• [Exercise description] Reproduce precisely the lines of the listing below, starting with the line that contains "Inside a Tumor: What" and stopping after the line that contains "Breast Augmentation Before"; include nothing else.

• [Dataset]
-- -- --

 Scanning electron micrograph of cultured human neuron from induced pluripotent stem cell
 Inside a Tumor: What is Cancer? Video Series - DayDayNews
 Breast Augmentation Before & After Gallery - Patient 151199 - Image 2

-- -- --

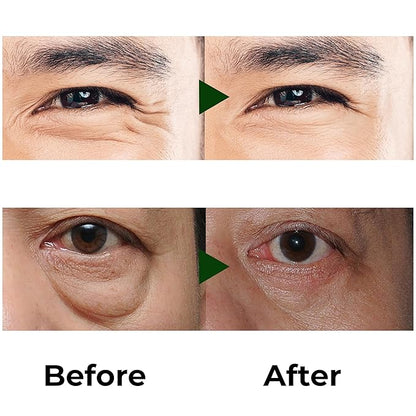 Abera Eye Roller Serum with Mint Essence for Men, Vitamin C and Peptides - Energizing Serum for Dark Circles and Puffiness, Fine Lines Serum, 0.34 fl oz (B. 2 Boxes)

-- -- --

• [Task response]
 Inside a Tumor: What is Cancer? Video Series - DayDayNews
 Breast Augmentation Before & After Gallery - Patient 151199 - Image 2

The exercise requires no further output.